According to Hotel Monitor 2024 Powered by Amex GBT Consulting, hotel room rates in Europe are projected to increase by double-digit percentages in 2024 providing a welcome boost for serviced apartment owners.
The report forecasts specific rate increases in key European destinations:
- Munich +7.2%
- Amsterdam +10.8%
- Brussels +6.2%
- Dublin +10.0%
- London +9.1%
Real estate traditionally acts as a hedge during periods of high inflation as the real estate asset holds its value and rental income can be indexed with inflation.
As costs rise for hotels or serviced apartments, the operator passes on the costs to paying tourists in the form of higher overnight rates creating an inflation-proof model.
Another important factor in the higher prices is the surge in post-pandemic travel thanks to pent-up demand. According to Tirol Werbung, in the months from May to the end of September, guest arrivals in Tyrol increased by 5.9 percent to 5.7 million, and overnight stays increased by 1.6 percent to 20.5 million.
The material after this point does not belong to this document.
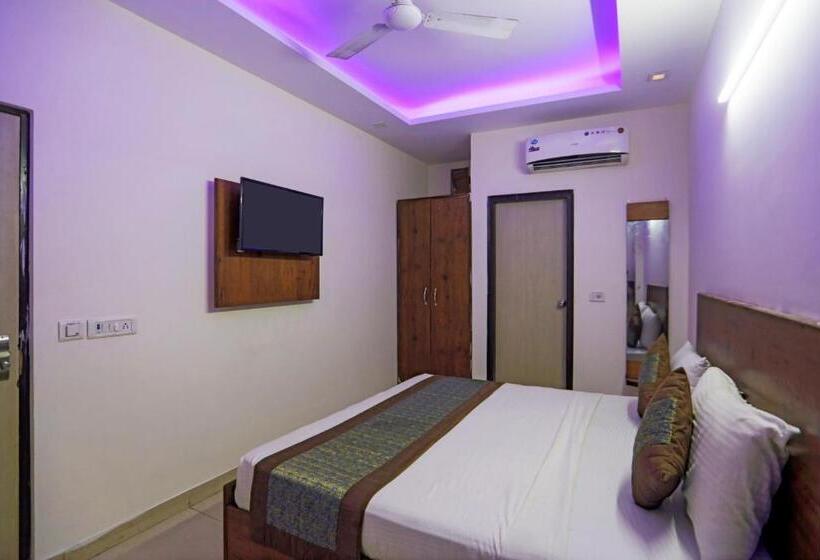 Отель Moody Moon Stay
This coupled with the imbalance between supply and demand for hotel rooms (developers have not been building enough rooms in the last two years) is pushing up the prices on a global scale.
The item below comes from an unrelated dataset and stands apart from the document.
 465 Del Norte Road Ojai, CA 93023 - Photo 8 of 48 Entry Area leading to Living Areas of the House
Keith Barr, CEO of IHG Hotels and Resorts, offers his perspective: “We had robust supply growth over an extended period of time, which did keep rates down. It’s just going to support pricing being where it should have been over time, which is great for this industry.”
In Austria, we are also achieving higher rates on our 2024 bookings.
A professional serviced apartment operator like All-Suite Resorts https://www.all-suite.com/ uses yield marketing software by https://hotelpartner-ym.com/ to adjust its overnight rates every 4 minutes to get the highest yield for apartment owners.
As an example, All-Suite Resorts monitors market data and keeps overnight prices high for key Winter season weeks in the knowledge that supply for rooms in a given location will start to fall and prices rise accordingly.
In other words, they achieve a higher price by not selling out too quickly.
Meanwhile, inflation in the Eurozone after peaking at 10.6% has been on the decline over the past year.
In Germany, the annual inflation rate plunged to 4.3% in September from 6.4% in August.
“This likely is the beginning of an accelerated decline” in eurozone inflation, said Claus Vistesen, the chief Eurozone economist at Pantheon Macroeconomics.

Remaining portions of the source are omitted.